Founder Nancy Carbone and "Friends."
Retired firefighters Tony and Pete preparing breakfast at Friends of Firefighters monthly On the Arm Breakfast, part the Peer Support Program.
One critical aspect of the organization is Biofeedback Therapy. The program retrains how the brain responds to stress so that it doesn’t attack the body, reducing stress during demanding environments and in every day life. The picture above is Biofeedback Coach, Rita Desyatnik, in the Biofeedback ORRB. This essential program was expanded thanks to the donation from The Chivers.
Children at Friends of Firefighters Dodgeball Tournament!
Friends of Firefighters holds an annual gala each fall to help raise much-needed funds.
On October 29, 2012, Hurricane Sandy hit New York. It was a colossal disaster to say the least. $65 billion worth of damage was done. As always, there was no shortage of stories of first responders' heroics. On a street in Belle Harbor where 5 firefighters lived, nearly every house on the block burned to the ground in the chaos. The firefighters banded together to rescues their neighbors. Without these trained heroes, there would have been more fatalities.
If you don’t live on the east coast, it might shock you to realize how many families are still displaced and many homes need rebuilding. Hurricane Sandy was an especially traumatic experience for our firefighters who typically face stress and danger at work, in foreign environments. With Hurricane Sandy, the destruction came to their doorstep. It brings back flashes of 9/11.
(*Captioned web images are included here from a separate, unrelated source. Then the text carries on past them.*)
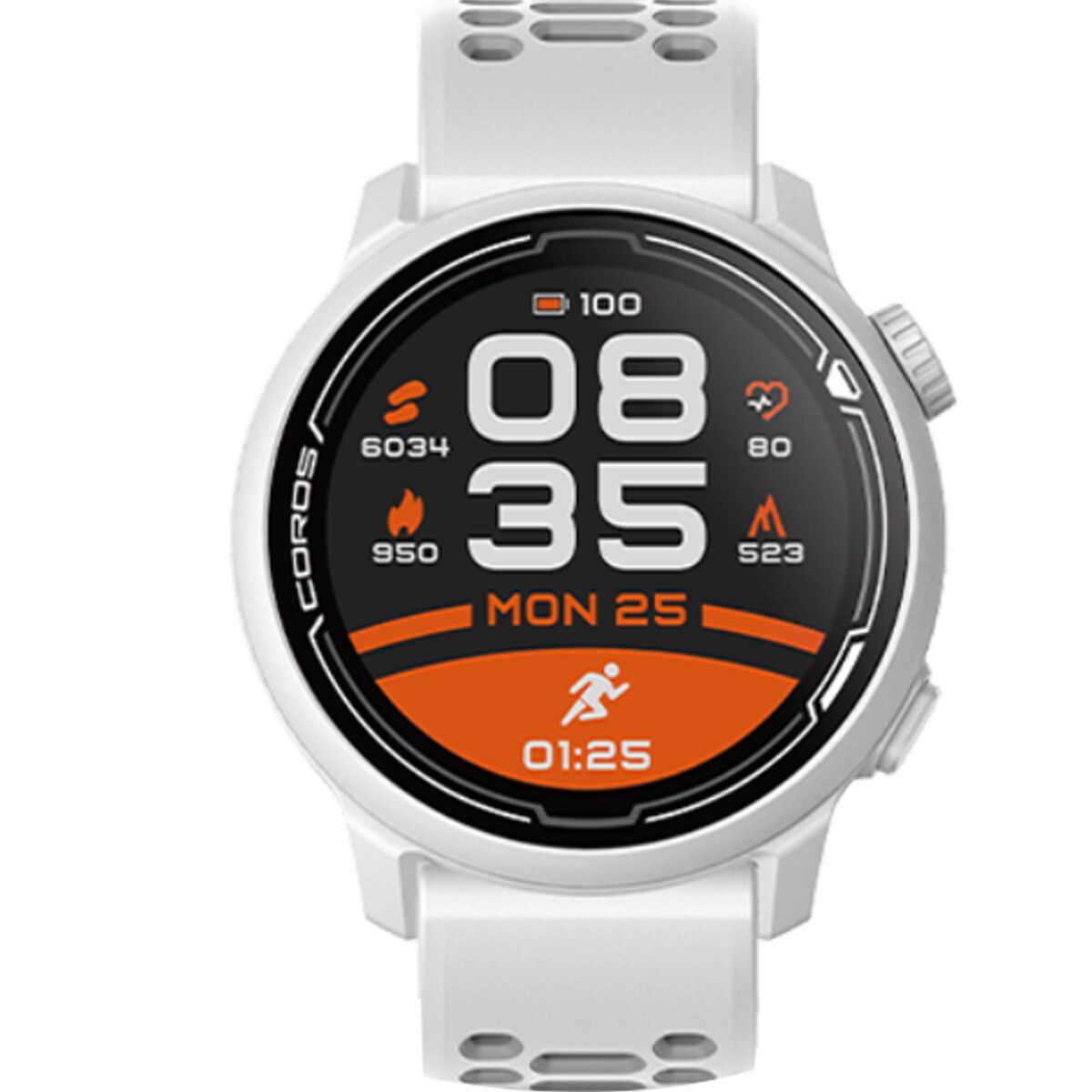 COROS Pace 2 Premium GPS Sport Watch w/Silicone Band - Accessories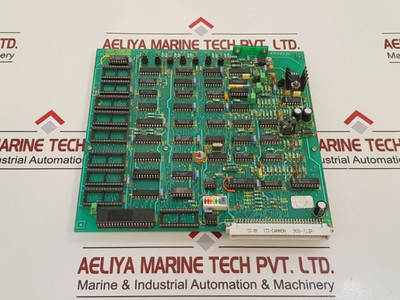 77250 Pp Processor Pcb Card 77250 Ppe - Used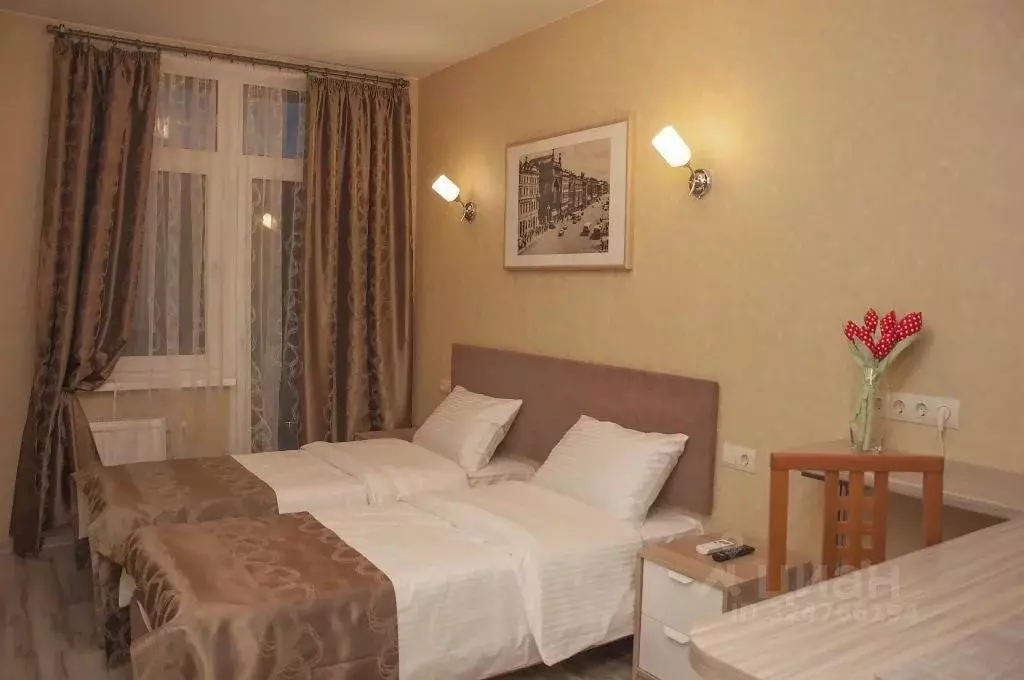 1-к кв. Санкт-Петербург Исполкомская ул., 4-6 (22.0 м) - Фото 1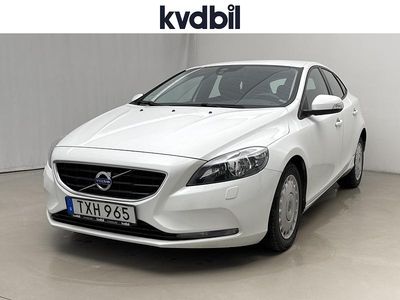 Vit Begagnad 2016 Volvo V40 Kinetic | 119 800 kr (Bra pris)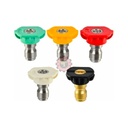 Jeu de 4 buse raccord rapide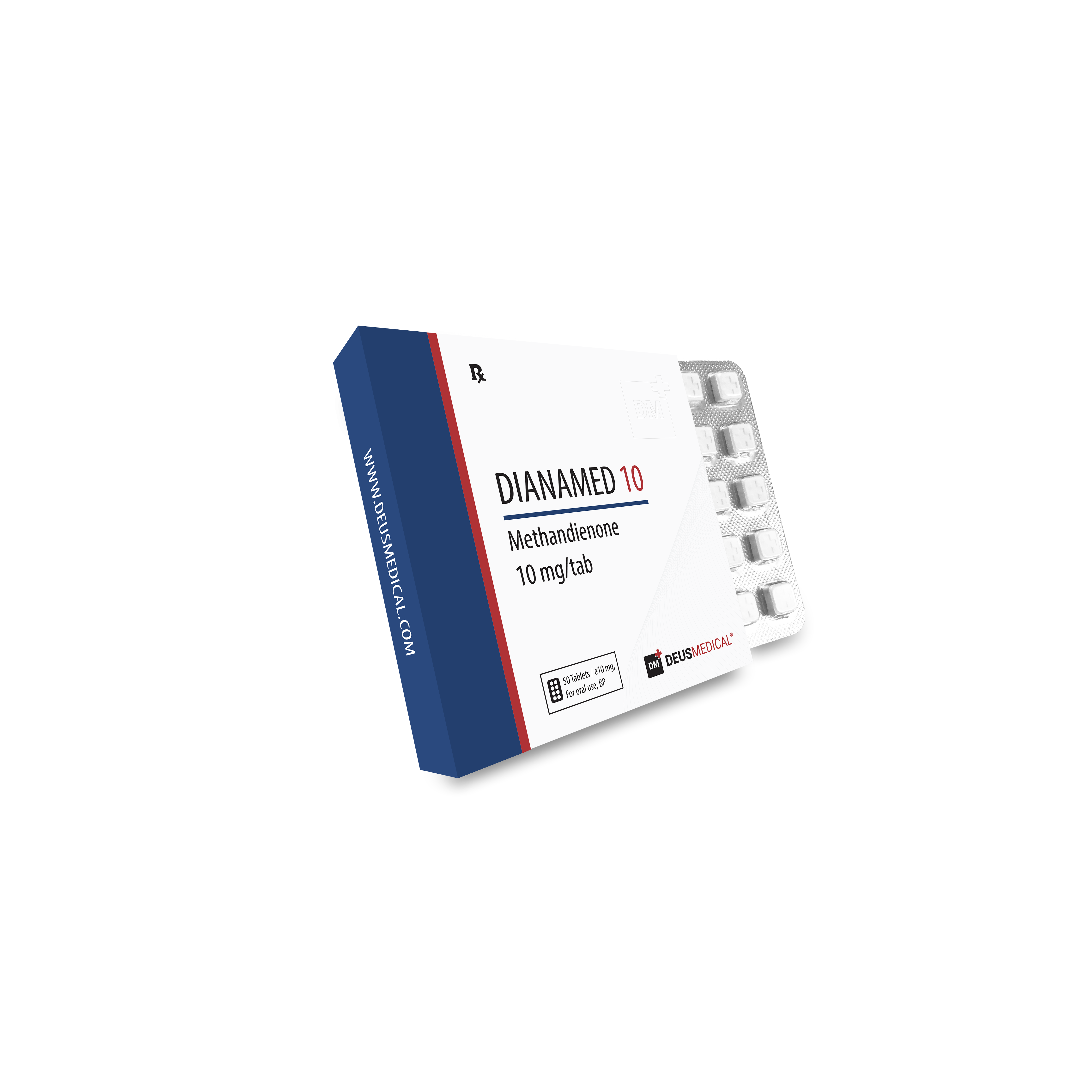 Dianabol (Dianamed 10) pack
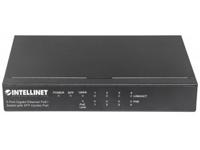 Intellinet 561174 netwerk-switch Gigabit Ethernet (10/100/1000) Zwart Power over Ethernet (PoE)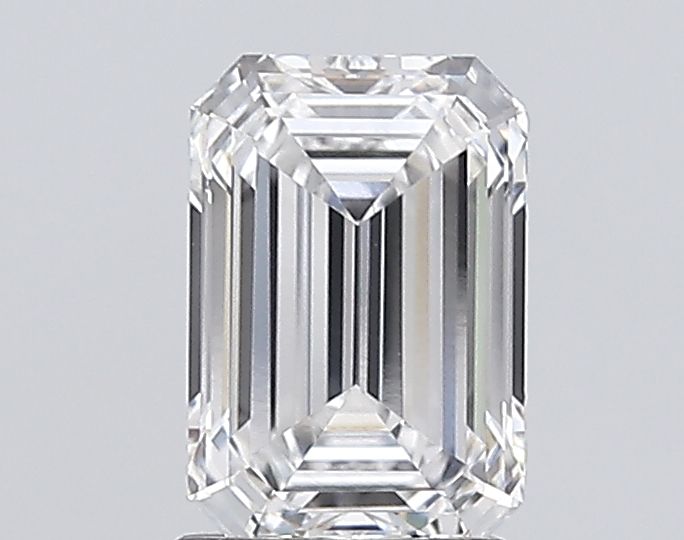 2.05 ct. emerald Lab Grown Diamond front image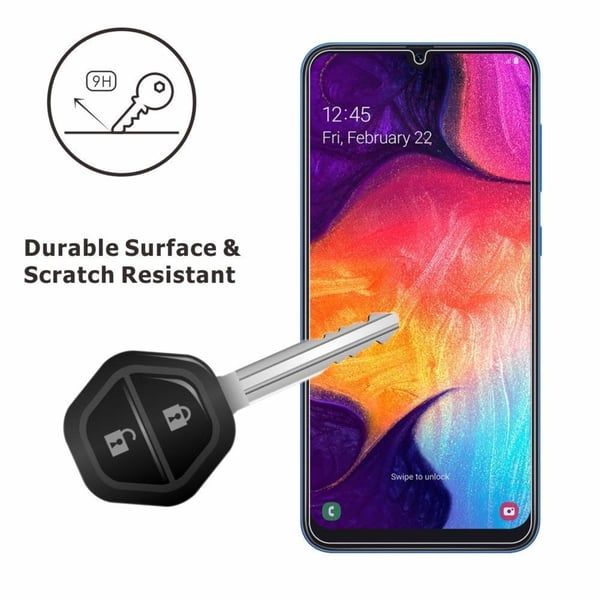 4 Pack Samsung Galaxy A40 tempered glass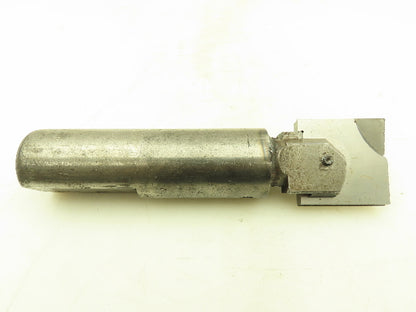 2" Dia Straight Shank Spade Drill Insert Holder 2.5" Blade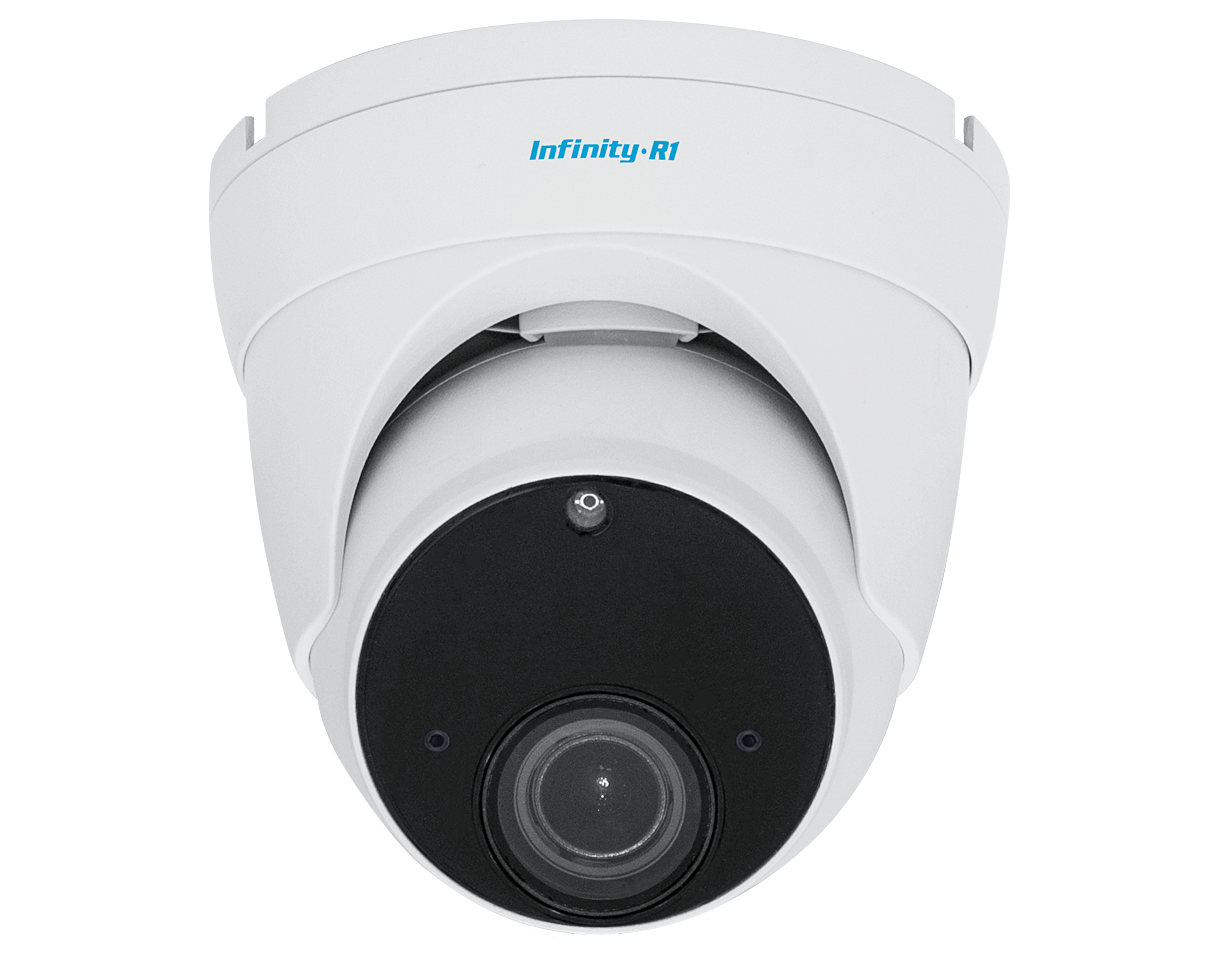 Infinity IDG-HD5M-2812 Уличная купольная HD-камера 5 Мп, вариофокальный объектив 2.8–12 мм, AHD/TVI/CVI/CVBS, ИК 20 м, IP66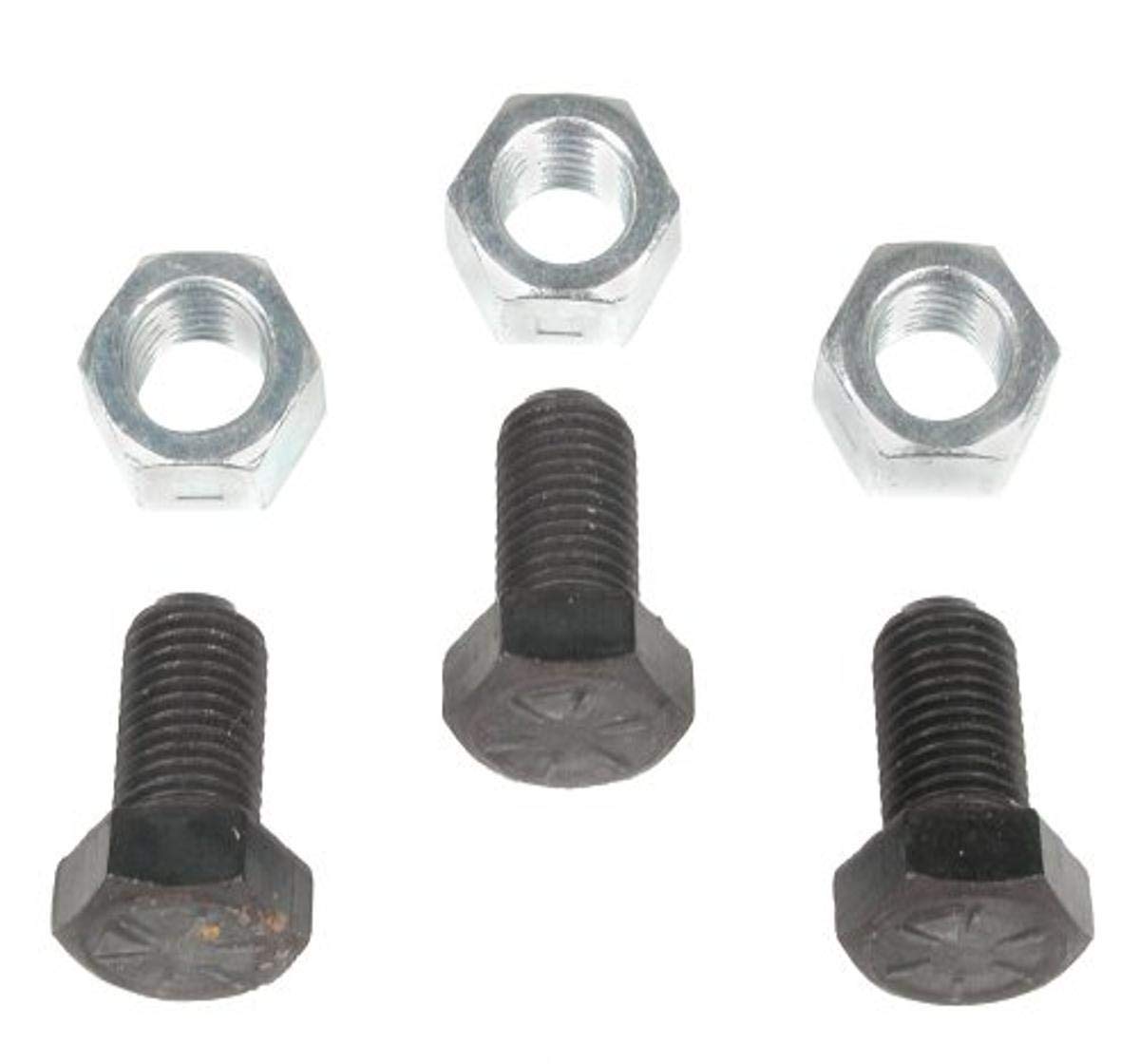 Mr. Gasket - 6716 Torque Converter Bolts Gm , Black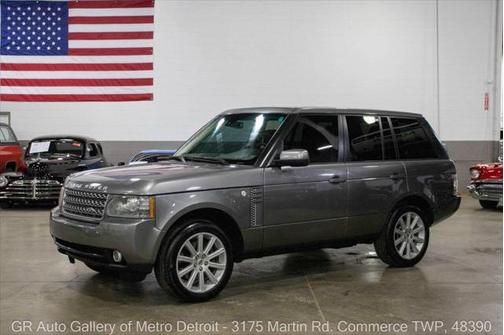 2010 Land Rover Range Rover HSE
Friends of Firefighters helped 1200+ people in the past year. They are currently present in every firehouse in the five boroughs and are in nearly 300 firehouses total. The organization currently has had over 500 firefighters, officers, and civilian volunteers.
The work of a firefighter is never complete. They will always be thrust into untold perils that few of us would ever be brave enough to face. Friends of Firefighters provide services that literally save the lives of those who we entrust to save our lives. It is our duty to take care of our heroes. I think Nancy put it best. "When first responders ask for help, it’s our responsibility to let them know it's there for them and on their terms. That’s why we are successful. We take away the barriers to getting help."